Scott B. Martin (Ph.D., Columbia University) has taught regularly in the New School’s Graduate Program in International Affairs program since 2005 as well as in the School of International and Public Affairs at Columbia University since 1998. Prof. Martin has also been a Lecturer of Political Science and Latin American Studies at Princeton University and a full-time Visiting Lecturer at Yale University and Sarah Lawrence College. He holds a Ph.D. in Political Science from Columbia University (2001), where he also served for two years as Assistant Director of the Institute of Latin American Studies, and regularly served as a freelance research contributor to Latin American reports of the Economist Intelligence Unit for over a decade. His areas of research and teaching specialization are comparative and transnational labor politics, comparative social policy, corporate social responsibility in transnational corporations, politics/policy of socio-economic development, and Latin American political economy. He is co-author of Labor Contestation at Walmart Brazil: Limits of Global Diffusion in Latin America (Palgrave, 2021), exploring the nationally contingent patterns of conflict and cooperation between unions and regulators on one hand the U.S. supermarket giant, on the other (with João Paulo Veiga and Katiuscia Galhera). He co-edited and contributed to El Estado de Bienestar ante la Globalización: El Caso de Norteamérica (El Colegio de México, 2012, with Ilán Bizberg); Competitiveness and Development: Local Actors and Institutions (São Paulo, SENAC, 2001); and The New Politics of Inequality: Rethinking Participation and Representation (Oxford, 1997).
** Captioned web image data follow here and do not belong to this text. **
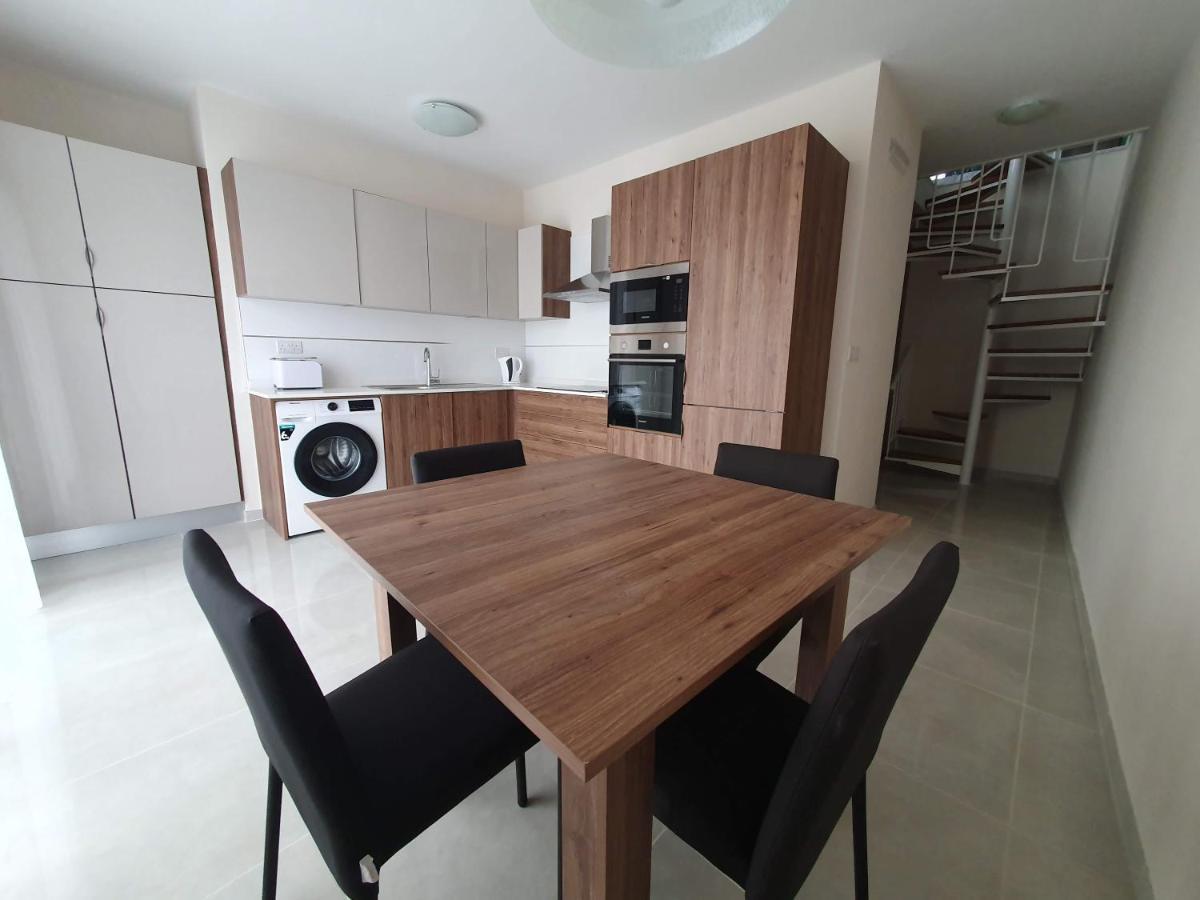 Marbella Holiday Apartments - Seafront - Wifi Marsaskala Bagian luar foto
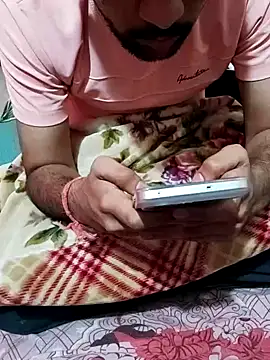 Snapshot of mehulsomm7 chatting on December 3, 2025, 5:11 pm mehulsomm7 online show from December 3, 2025, 5:11 pm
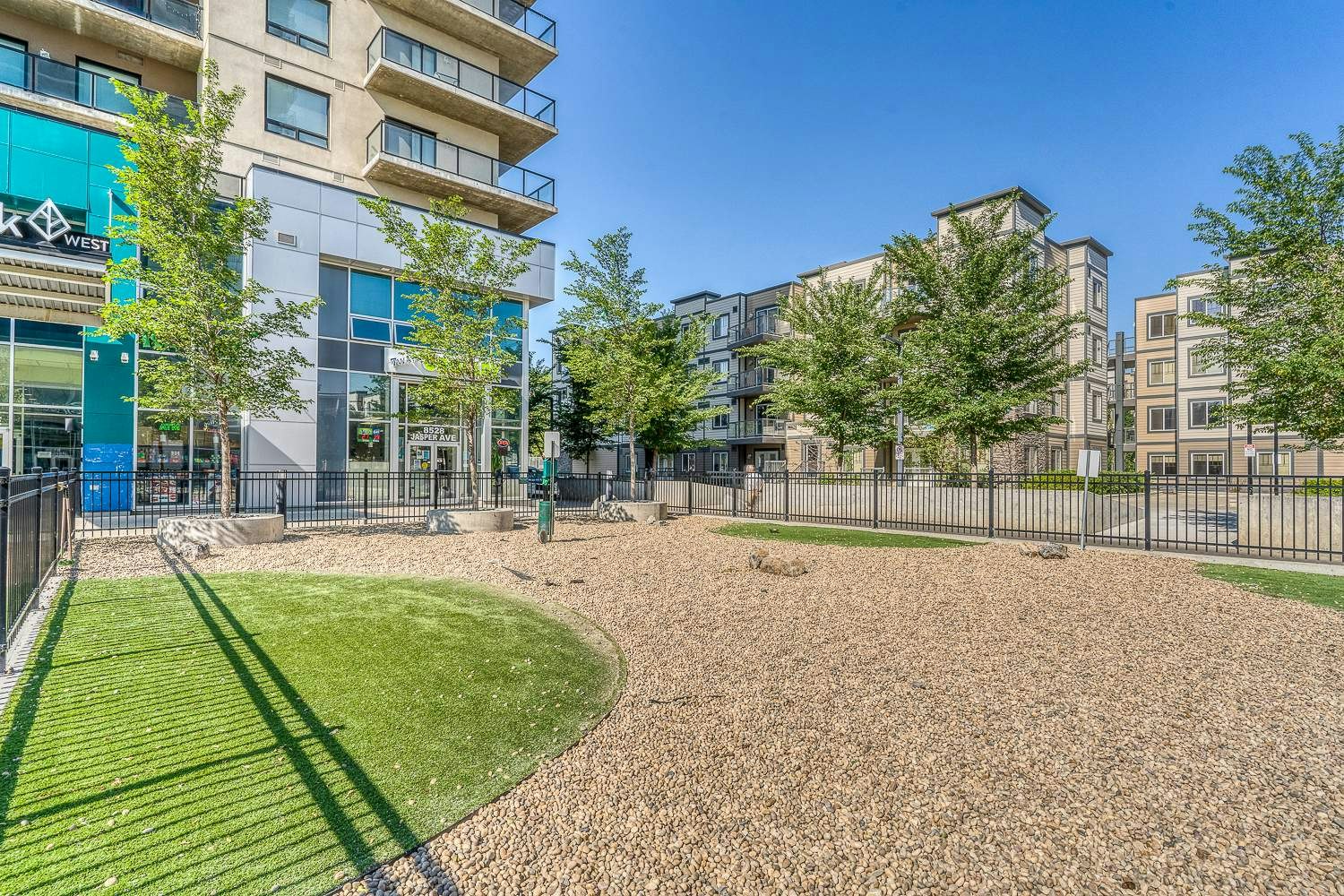 8520 Jasper Avenue, Edmonton, AB, T5H 3S4 - 20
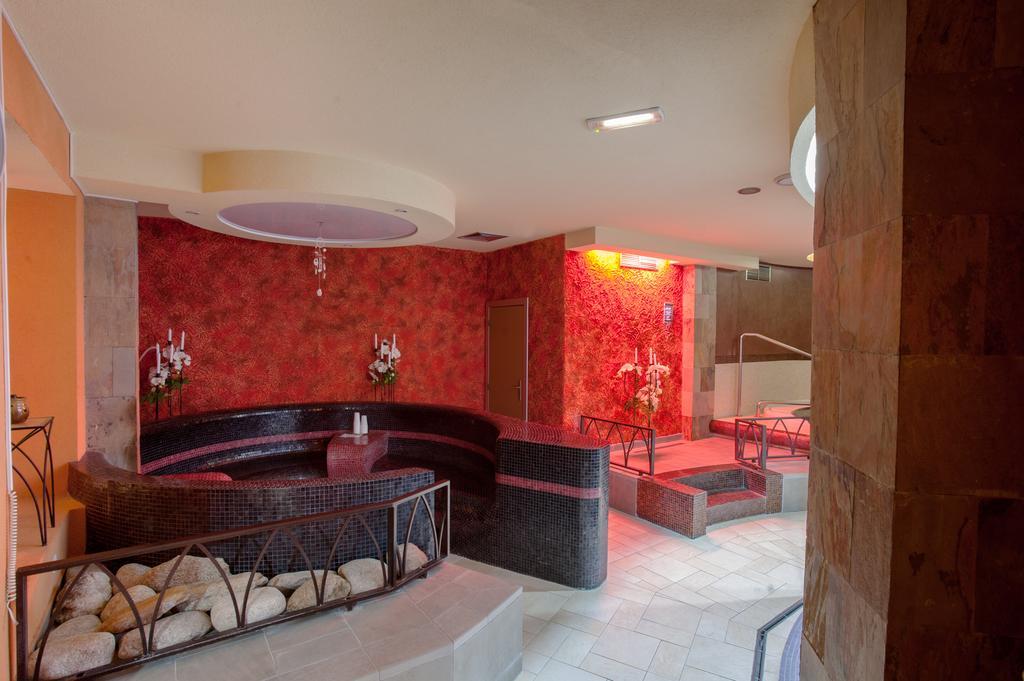 Hotel Magnus Trenčín Extérieur photo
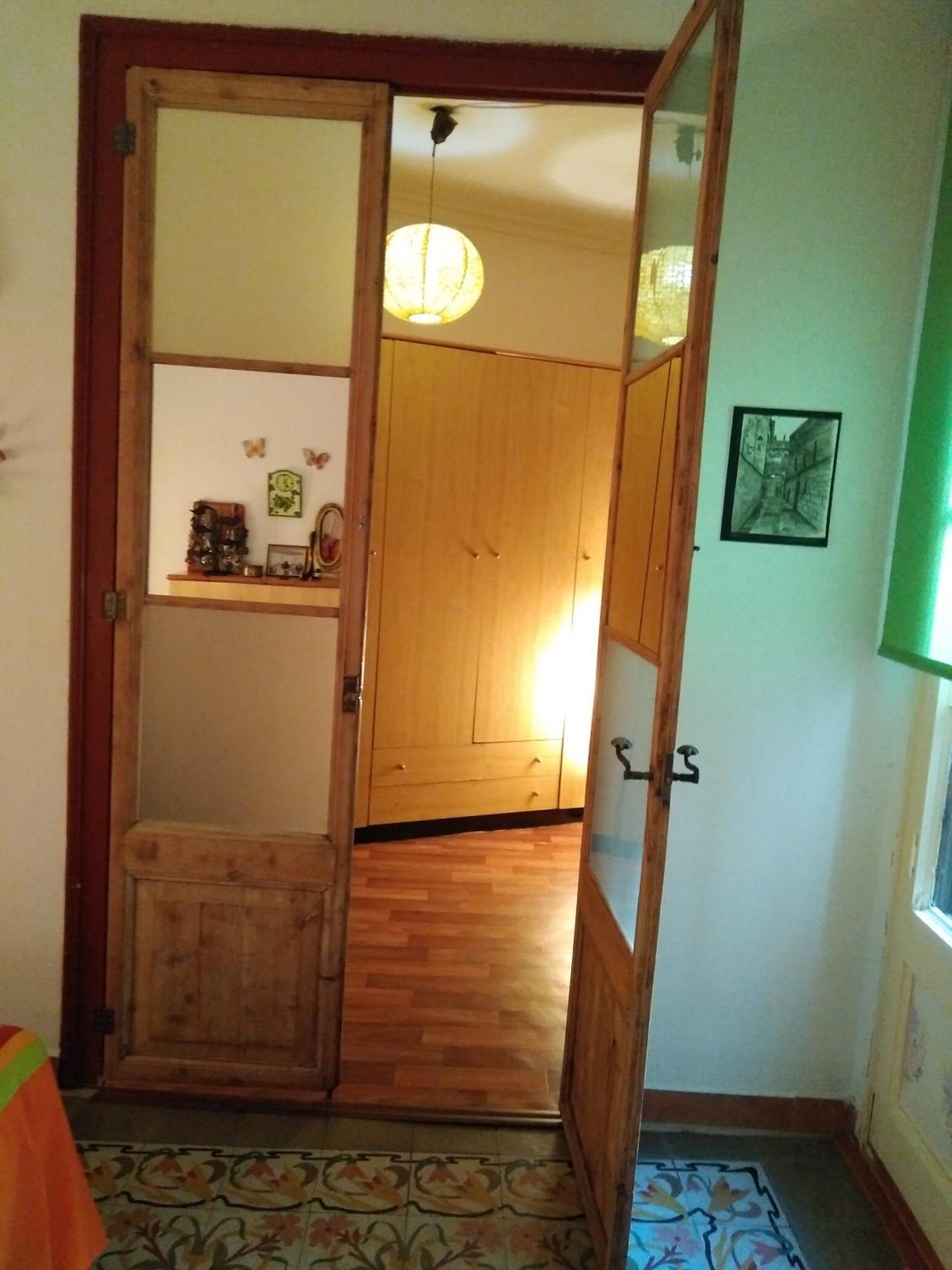 Habitacion En Piso Compartido バルセロナ エクステリア 写真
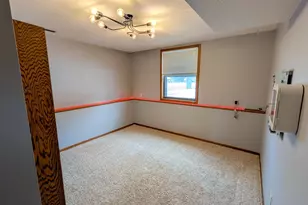1918 Bayview Dr, Albert Lea, MN 56007 - Photo 24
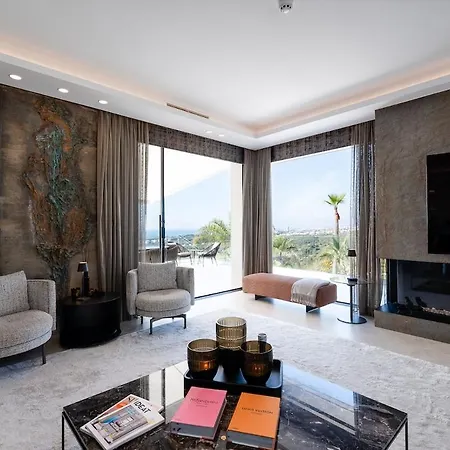 Absolute High End With Pool & Jacuzzi فيلة *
For 2021-22 he was the recipient of a Centennial Fellowship research grant from the American Political Science Association for his work on labor conflict and algorithmic management at e-commerce giant Amazon’s warehouses in Brazil and Mexico. As Heilbroner Faculty Fellow he will continue this project and also further develop a research network on “global Amazon” in comparative international perspective that he has formed with an eye toward an authors’ workshop and volume he will edit. The variations in local and national patterns of conflict around Amazon’s contentious and high-stress workplace and broader business model on a range of issues related to labor and digital rights and environmental justice and across North and South America, Eastern and Western Europe, and Asia will be the focus of that multi-author, collaborative work.